[Collected data]
*** Block opens ***

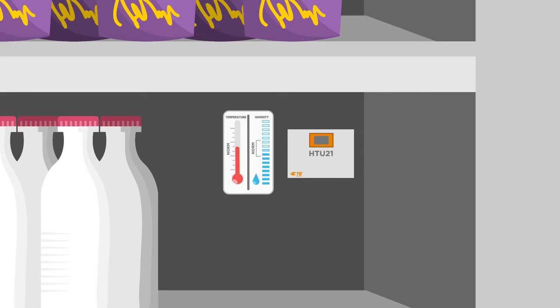Sensors like the HTU21 humidity and temperature sensor from TE Connectivity measure changes in environment quickly and alter system performance to provide ideal conditions.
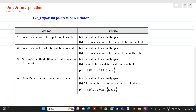Hello friends, my name is Chenmay Deshpande. In this video lecture we are going to discuss about a topic from unit interpolation. Here we will discuss about some important points to be remembered while solving the numerical based on interpolation.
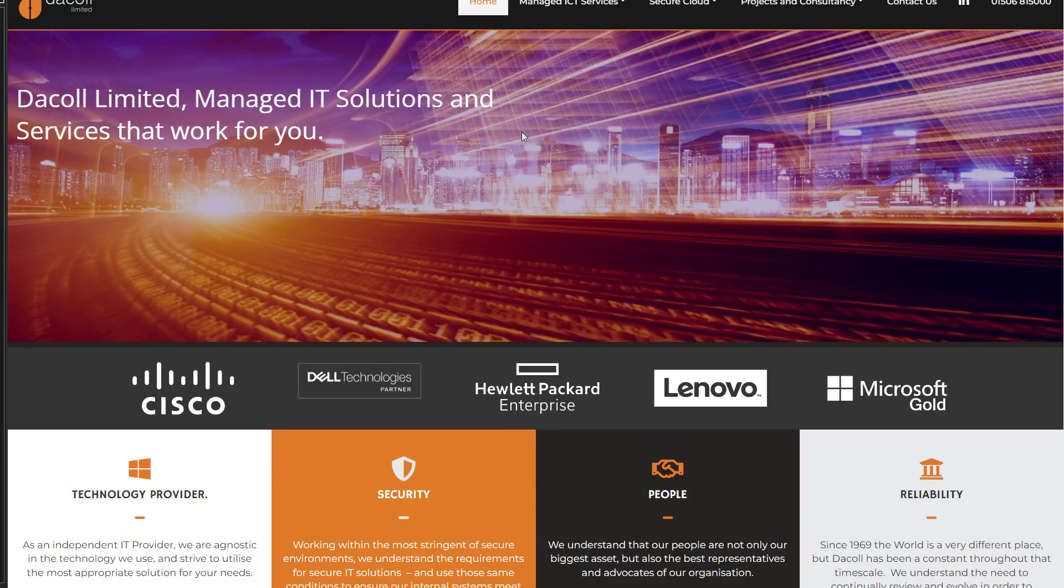The reason this is a big deal is because Decole manages a lot of IT infrastructure for the government, including police databases.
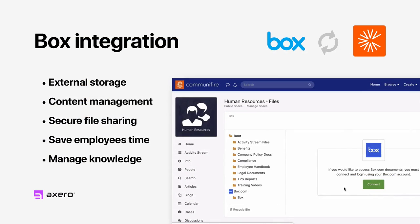Work in Communifire while using Box for external storage. You get a complete cloud platform for collaboration, content management, and secure file sharing.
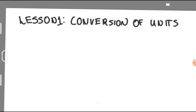Our first lesson will be about the conversion of units. In the module, there are tables of conversions that I have placed in order for you to know the different conversions of your two main systems of units. So why do we need to have a proper conversion of units?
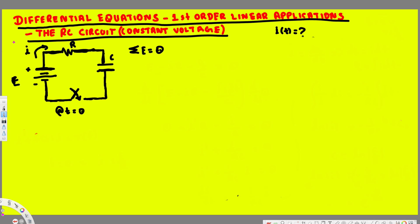What's going on guys? In this video we are going to see an example on application of first-order differential equation. The question here is asking to find out a function model that is related to I of t.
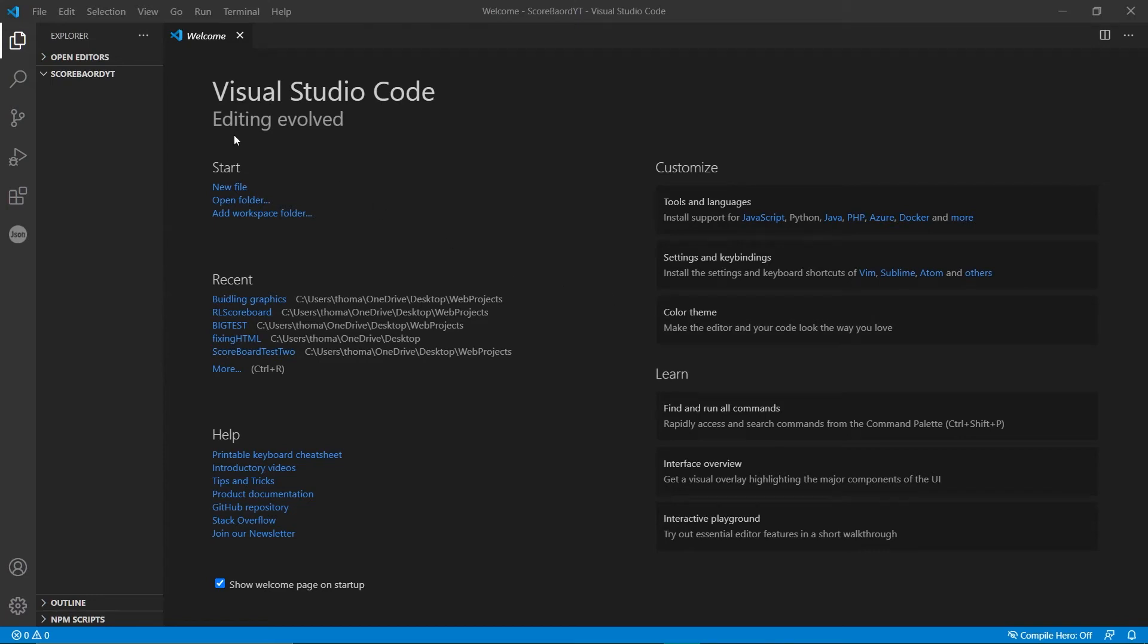Hey guys, welcome back to another video, it's me Storm. Today I'm going to be showing you how to make a scoreboard or a graphics package for OBS.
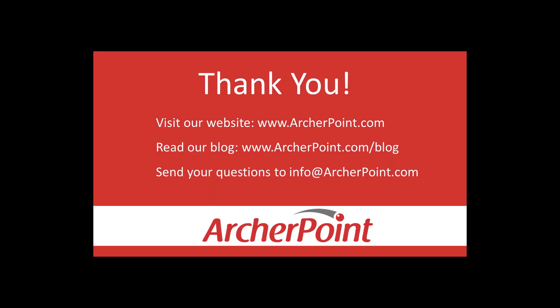Thanks for watching this ArcherPoint video. If you found it helpful, make sure to check out our website and blog at www.archerpoint.com. Additionally, if you have any questions regarding our products, services or information in this video, feel free to email us at info at archerpoint.com.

*** Block closes ***

- **What is being asked**
Begin with the first line of the records and repeat every line up to the one with "Hello friends, my", counting that line too. Pictures are not part of the copy.

- **Solution to the problem**
Sensors like the HTU21 humidity and temperature sensor from TE Connectivity measure changes in environment quickly and alter system performance to provide ideal conditions.
Hello friends, my name is Chenmay Deshpande. In this video lecture we are going to discuss about a topic from unit interpolation. Here we will discuss about some important points to be remembered while solving the numerical based on interpolation.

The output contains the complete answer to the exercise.